Nuestro empeño consiste en formar la persona toda, íntegra e integral, esto es, en todas sus dimensiones: ética, espiritual, afectiva, cognitiva, corporal, estética, comunicativa y sociopolítica”.
Por eso hablamos de la necesidad de una formación integral de la persona en la educación, porque las dimensiones, implicadas unas con otras de modo complementario, ayudan en ese propósito de educar en valores. Lo racional no basta, ya lo decíamos, pero tampoco cualquiera de las otras dimensiones tratada de modo aislado. Si como dijimos en el párrafo anterior el asunto fuera de afectos, empatías e imitaciones, nos quedaríamos cortos. No se pueden minimizar situaciones que merecen reflexión: el acoso o bullying de un compañero, mentir para ocultar una falla, seguir equivocadamente un falso líder que invita a actuar mal, juntarse solo con los exitosos y rechazar a los que no lo son… allí es cuando el desarrollo moral aparece en escena para procesualmente ir construyendo esa persona, no indoctrinando, ni apelando a argumentos de autoridad, sino confrontando esas situaciones, argumentando a favor o en contra, planteando dilemas morales, poniendo a pensar críticamente y construyendo escalas de valores jerarquizadas.

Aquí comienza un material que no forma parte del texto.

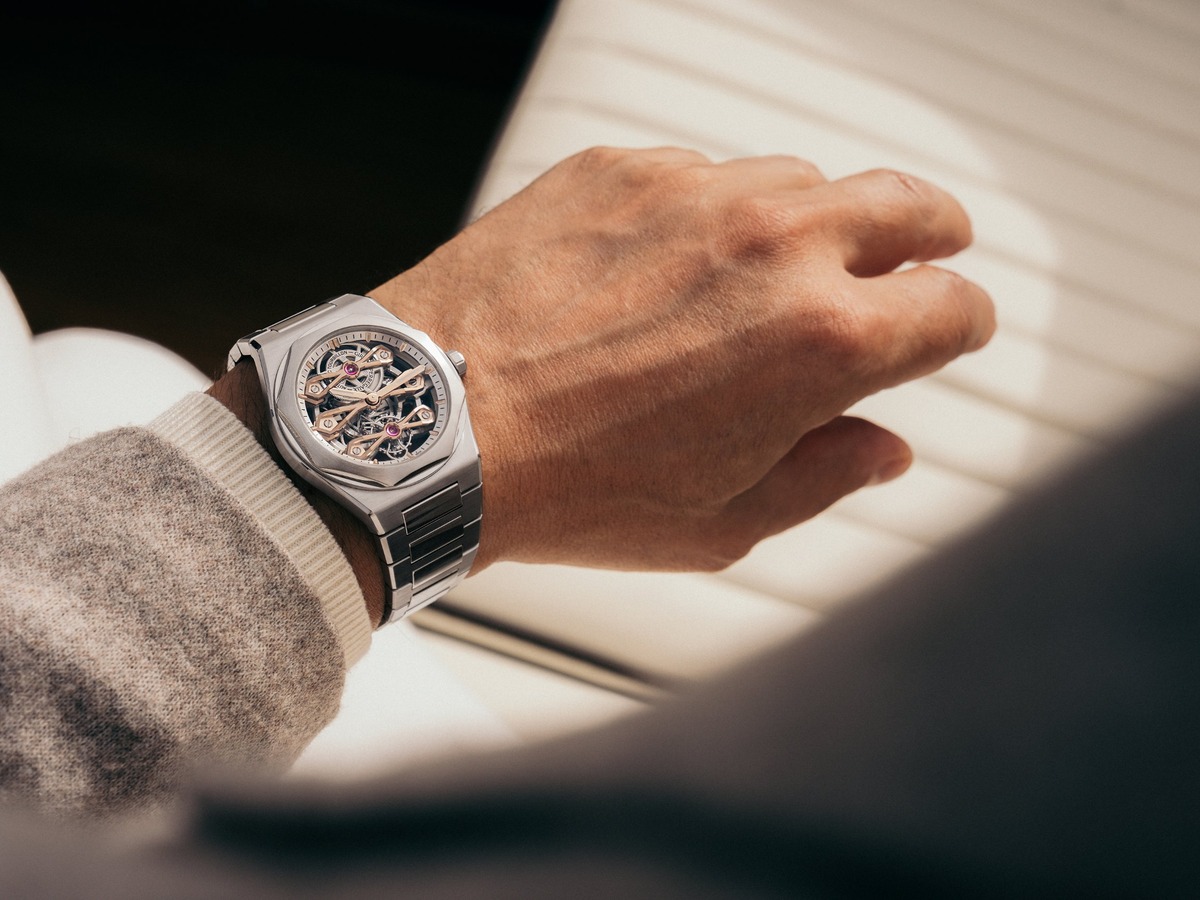 Girard-Perregaux Laureato Fifty Three Gold Bridges am Handgelenk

Se educa, pues, de manera sistemática y juiciosa, sin endosos mutuos, en un trabajo mancomunado de la familia, la escuela y la sociedad, para asumir existencialmente principios y valores y no solo para predicarlos o manejarlos conceptualmente. Se trata de que esos valores se internalicen, asuman y vivan consecuentemente, esto es, coherentemente, por las personas que educamos. Y que no se olvide que estamos hablando no de valores económicos que suben y bajan en las bolsas de las grandes ciudades, sino de valores que conservan esencialmente lo que son, porque son valores para la vida, para la convivencia humana y para la felicidad de las personas y de la sociedad toda. Esa es, ni más ni menos, nuestra responsabilidad.